> _Work instruction_
In the material below, find the span from the line with "Hunderttausende Menschen sind" to the line with "ヴィラともえ リビング" and transcribe only those lines, exactly, ends included, without the pictures.

> _Given records_
+ + +

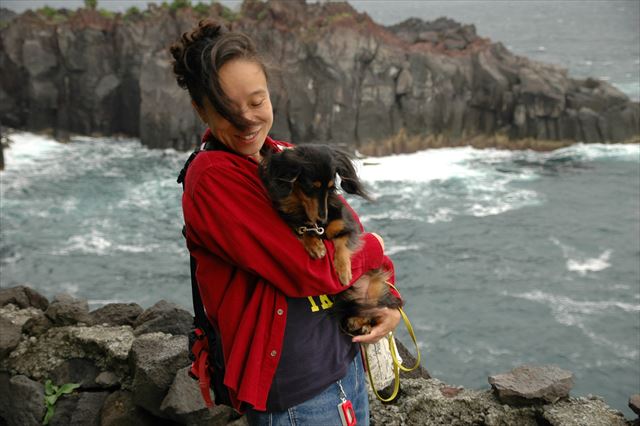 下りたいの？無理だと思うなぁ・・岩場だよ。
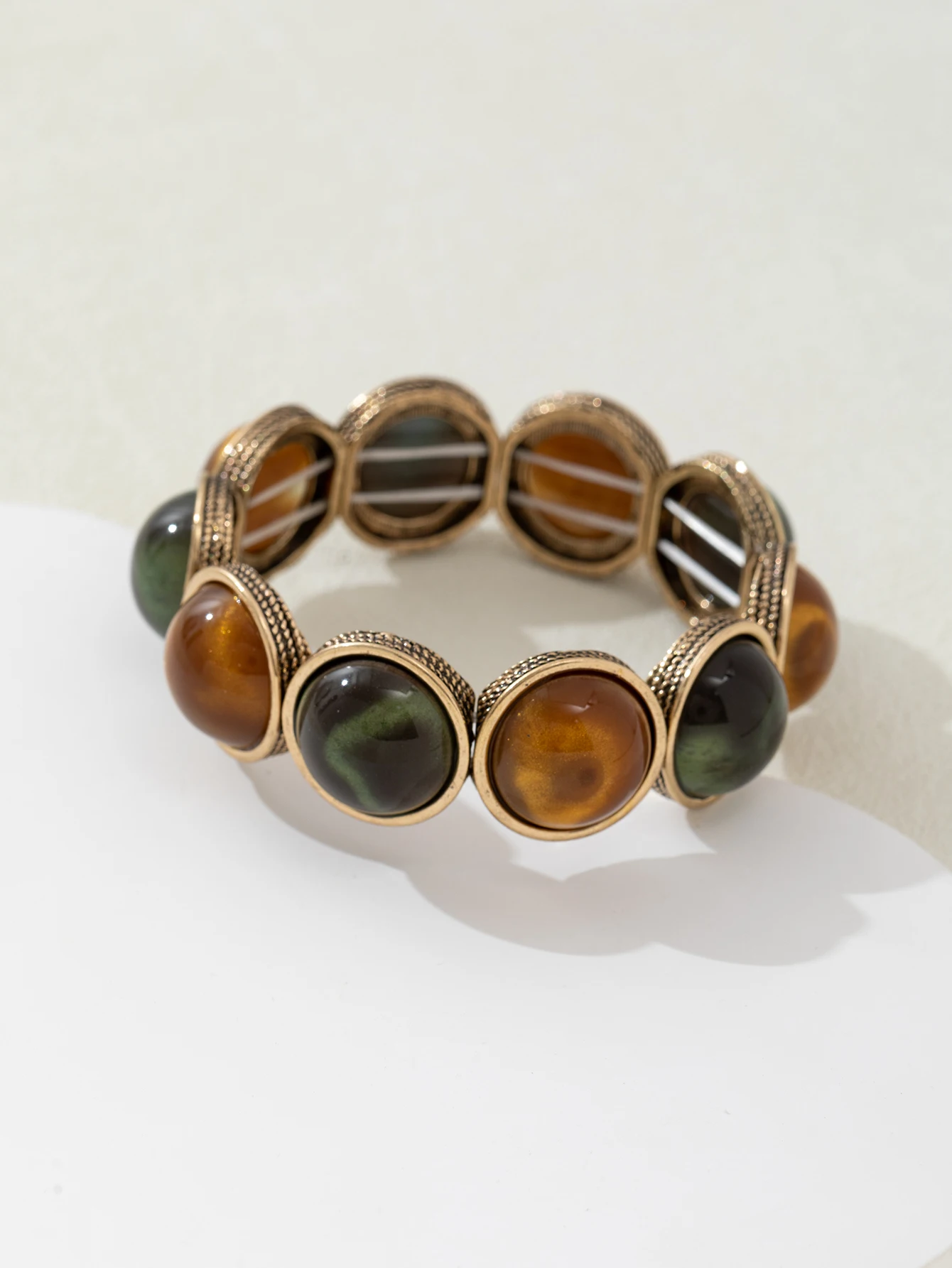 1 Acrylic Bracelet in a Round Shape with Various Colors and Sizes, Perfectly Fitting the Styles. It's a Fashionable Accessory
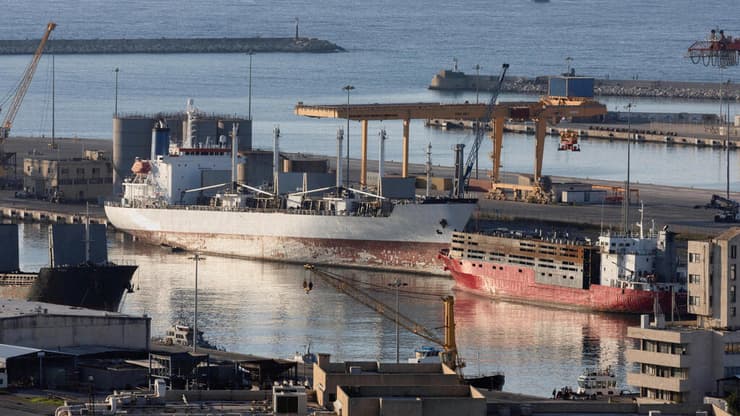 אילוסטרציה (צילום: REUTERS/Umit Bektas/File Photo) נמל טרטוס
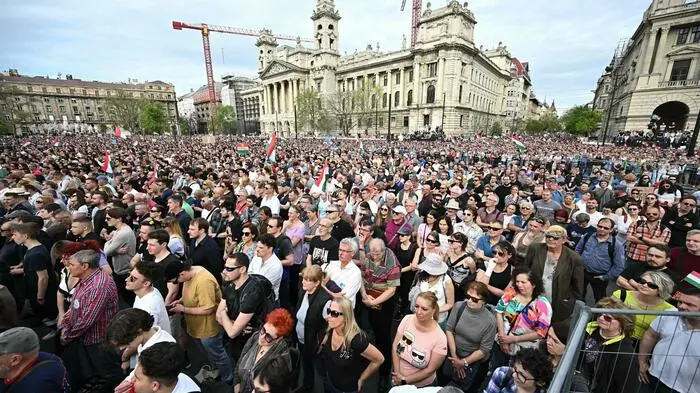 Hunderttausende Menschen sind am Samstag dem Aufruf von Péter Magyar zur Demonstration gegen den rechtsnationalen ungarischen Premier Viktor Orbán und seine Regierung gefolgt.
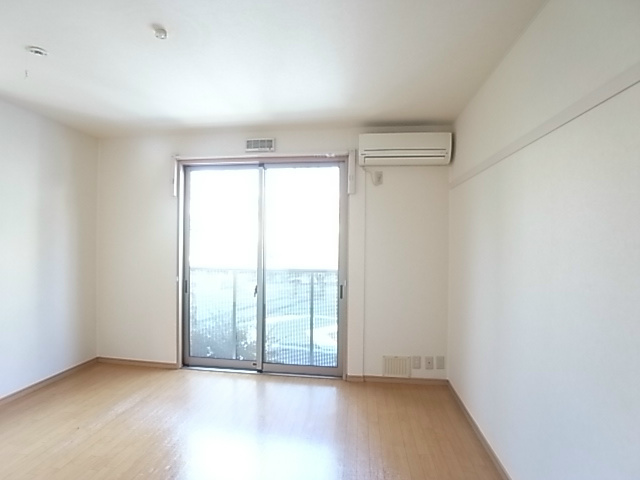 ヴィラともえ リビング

+ + +

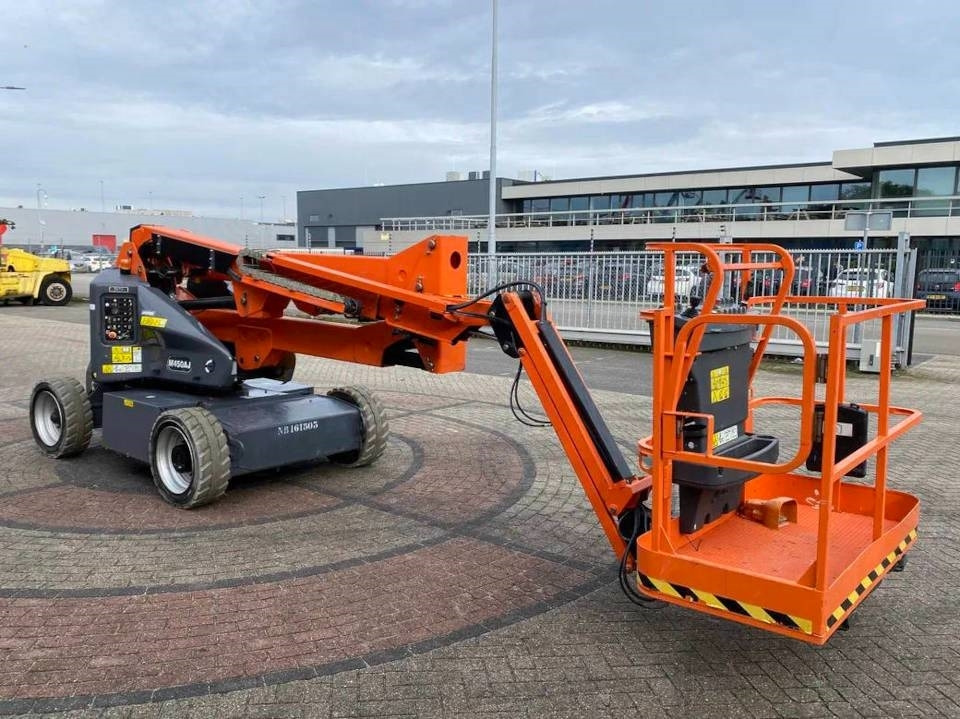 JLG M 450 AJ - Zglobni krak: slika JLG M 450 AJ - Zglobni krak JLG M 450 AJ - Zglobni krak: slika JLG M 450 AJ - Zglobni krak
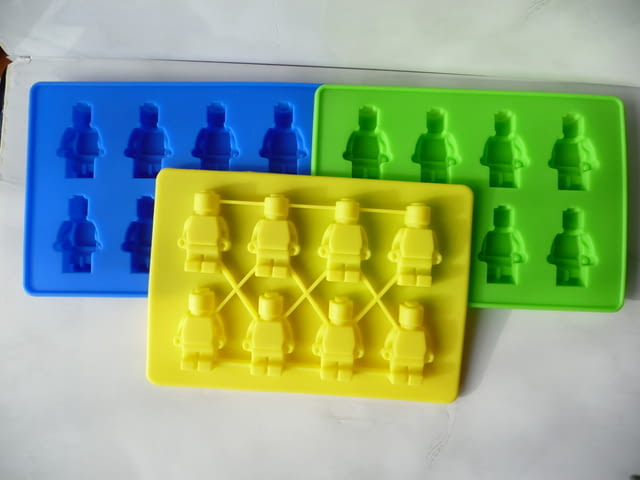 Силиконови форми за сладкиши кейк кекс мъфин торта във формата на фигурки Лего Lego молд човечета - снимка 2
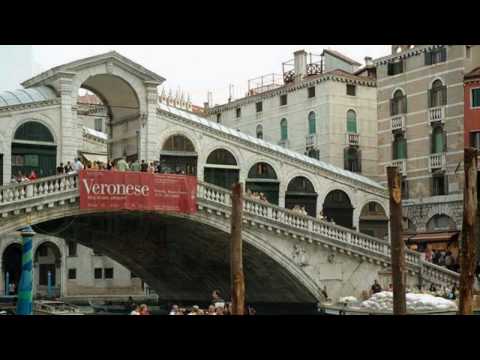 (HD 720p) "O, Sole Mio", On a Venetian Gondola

+ + +

> _Answer area_
 Hunderttausende Menschen sind am Samstag dem Aufruf von Péter Magyar zur Demonstration gegen den rechtsnationalen ungarischen Premier Viktor Orbán und seine Regierung gefolgt.
 ヴィラともえ リビング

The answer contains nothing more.